As a great pianist, a composer of original conceptions, a magnetic conductor, an influential teacher, an intelligent writer on musical subjects and a devoted promoter of the interests of art, he stands out in bold relief, one of the grand figures in the history of music. His piano paraphrases and transcriptions are poetic re-settings of tone-creations he had thoroughly assimilated and made his own. In his original works, which Saint-Saëns was perhaps the first to appreciate, students are now beginning to discover the ripe fruits of his genius. Faithful ones among the pupils who flocked about him in classic Weimar spread wide his influence, but also much harm was done in his name by charlatans who, calling themselves Liszt pupils, cast broadcast the fallacy that piano pounding was genuine pianistic power.
Large hearted, liberal minded, whole souled in his devotion to his art and its true interests, Franz Liszt seemed wholly without personal jealousies, and befriended and brought into public notice a large number of artists. Hector Berlioz declared that to him belonged "the sincere admiration of earnest minds, as well as the involuntary homage of the envious." At the opening of the Baireuth Temple of German Art, in 1876, Richard Wagner paid him this tribute in the midst of a joyful company: "Here is one who first gave me faith in my work when no one knew anything of me. But for him, my dear friend, Franz Liszt, you might not have had a note from me to-day."
A rival of Liszt in the concert field, especially before a Parisian public, was Sigismund Thalberg (1812-1871), who visited this country in 1855 and literally popularized the piano in America. Alfred Jaell and Henri Herz, who had preceded him, doubtless prepared the way for his triumphs. He and the "Creole Chopin," Louis Moreau Gottschalk, attracted much attention by several joint appearances in our musical centres of the time. Thalberg was a pupil of Hummel, and felt the influence of his teacher's cold, severely classic style. He possessed a well-trained, fascinating mechanism, with scales, chords, arpeggios and octaves that were marvels of neatness and accuracy, and a tone that was mellow and liquid, though lacking in warmth. His operatic transcriptions, in which a central melody is enfolded in arabesques, chords and running passages, have long since become antiquated, but his art of singing on the piano and many of his original studies still remain valuable to the pianist.

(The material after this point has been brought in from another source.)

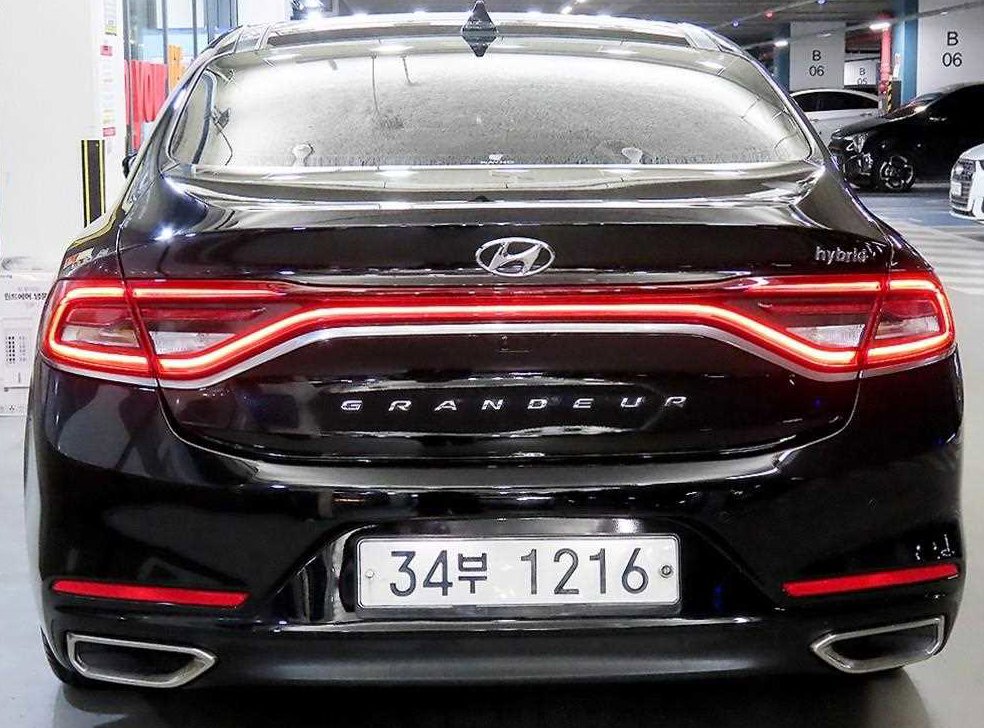 차량 이미지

When Liszt and Thalberg were in possession of the concert platform, they occupied the attention of cartoonists as fully as Paderewski at a later date. Liszt, his hair floating wildly, was represented as darting through the air on wide-stretched pinions with keyboards attached—a play on Flügel, the German for grand piano. Thalberg, owing to his dignified repose, was caricatured as posing in a stiff, rigid manner before a box of keys.